» WHAT YOU SHOULD DO: Retype verbatim the lines of the listing, from the very first through the line with "Image no. 1".
☆ ☆ ☆ ☆
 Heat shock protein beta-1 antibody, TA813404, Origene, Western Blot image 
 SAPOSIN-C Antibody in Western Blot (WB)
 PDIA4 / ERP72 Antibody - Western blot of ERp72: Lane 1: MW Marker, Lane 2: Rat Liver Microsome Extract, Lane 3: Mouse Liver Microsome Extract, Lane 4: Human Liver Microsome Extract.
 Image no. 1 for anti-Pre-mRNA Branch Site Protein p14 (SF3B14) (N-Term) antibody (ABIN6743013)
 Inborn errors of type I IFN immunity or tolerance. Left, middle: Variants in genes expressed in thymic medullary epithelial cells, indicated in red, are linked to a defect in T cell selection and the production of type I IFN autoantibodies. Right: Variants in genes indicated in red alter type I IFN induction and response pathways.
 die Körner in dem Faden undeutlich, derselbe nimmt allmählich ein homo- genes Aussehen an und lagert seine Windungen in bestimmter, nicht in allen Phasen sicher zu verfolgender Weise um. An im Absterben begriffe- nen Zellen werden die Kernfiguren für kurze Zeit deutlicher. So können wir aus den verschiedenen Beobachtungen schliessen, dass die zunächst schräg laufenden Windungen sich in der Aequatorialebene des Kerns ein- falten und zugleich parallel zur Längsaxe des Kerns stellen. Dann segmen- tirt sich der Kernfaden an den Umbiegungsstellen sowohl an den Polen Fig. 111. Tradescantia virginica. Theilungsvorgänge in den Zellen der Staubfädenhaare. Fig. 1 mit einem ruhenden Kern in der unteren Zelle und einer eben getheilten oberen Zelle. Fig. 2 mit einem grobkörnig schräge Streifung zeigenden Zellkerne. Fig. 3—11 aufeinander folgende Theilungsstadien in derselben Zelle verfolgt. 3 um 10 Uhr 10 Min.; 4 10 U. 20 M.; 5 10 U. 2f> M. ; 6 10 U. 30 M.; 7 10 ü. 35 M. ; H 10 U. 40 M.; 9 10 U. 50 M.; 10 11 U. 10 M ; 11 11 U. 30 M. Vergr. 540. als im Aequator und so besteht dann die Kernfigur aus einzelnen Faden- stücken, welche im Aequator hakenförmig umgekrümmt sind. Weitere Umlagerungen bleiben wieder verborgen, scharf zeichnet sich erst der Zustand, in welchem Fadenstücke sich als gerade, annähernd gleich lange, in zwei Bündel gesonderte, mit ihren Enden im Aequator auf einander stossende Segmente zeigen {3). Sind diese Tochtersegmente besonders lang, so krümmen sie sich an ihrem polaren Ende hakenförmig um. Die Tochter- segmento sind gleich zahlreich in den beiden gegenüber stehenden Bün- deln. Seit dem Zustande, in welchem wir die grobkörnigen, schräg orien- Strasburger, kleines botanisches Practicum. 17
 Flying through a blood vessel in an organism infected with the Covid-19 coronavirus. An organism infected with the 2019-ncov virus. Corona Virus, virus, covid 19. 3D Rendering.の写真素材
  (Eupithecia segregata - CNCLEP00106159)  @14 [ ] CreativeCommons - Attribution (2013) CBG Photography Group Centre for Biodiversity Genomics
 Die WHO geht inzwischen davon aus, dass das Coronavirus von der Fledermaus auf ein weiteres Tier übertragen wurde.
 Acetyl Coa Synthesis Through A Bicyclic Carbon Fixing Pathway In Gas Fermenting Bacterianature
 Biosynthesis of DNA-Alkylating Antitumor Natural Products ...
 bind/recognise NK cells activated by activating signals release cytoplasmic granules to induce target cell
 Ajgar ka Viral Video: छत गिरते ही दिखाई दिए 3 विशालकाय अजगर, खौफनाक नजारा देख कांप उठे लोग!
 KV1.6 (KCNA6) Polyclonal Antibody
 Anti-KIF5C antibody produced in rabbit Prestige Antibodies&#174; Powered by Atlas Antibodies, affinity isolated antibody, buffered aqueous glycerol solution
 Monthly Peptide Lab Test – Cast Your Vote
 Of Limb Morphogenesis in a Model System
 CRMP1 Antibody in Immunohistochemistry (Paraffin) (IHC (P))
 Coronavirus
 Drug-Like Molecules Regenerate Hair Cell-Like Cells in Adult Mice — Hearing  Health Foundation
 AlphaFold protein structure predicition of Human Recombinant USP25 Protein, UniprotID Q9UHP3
☆ ☆ ☆ ☆
» SOLUTION TO THIS PROBLEM:
 Heat shock protein beta-1 antibody, TA813404, Origene, Western Blot image 
 SAPOSIN-C Antibody in Western Blot (WB)
 PDIA4 / ERP72 Antibody - Western blot of ERp72: Lane 1: MW Marker, Lane 2: Rat Liver Microsome Extract, Lane 3: Mouse Liver Microsome Extract, Lane 4: Human Liver Microsome Extract.
 Image no. 1 for anti-Pre-mRNA Branch Site Protein p14 (SF3B14) (N-Term) antibody (ABIN6743013)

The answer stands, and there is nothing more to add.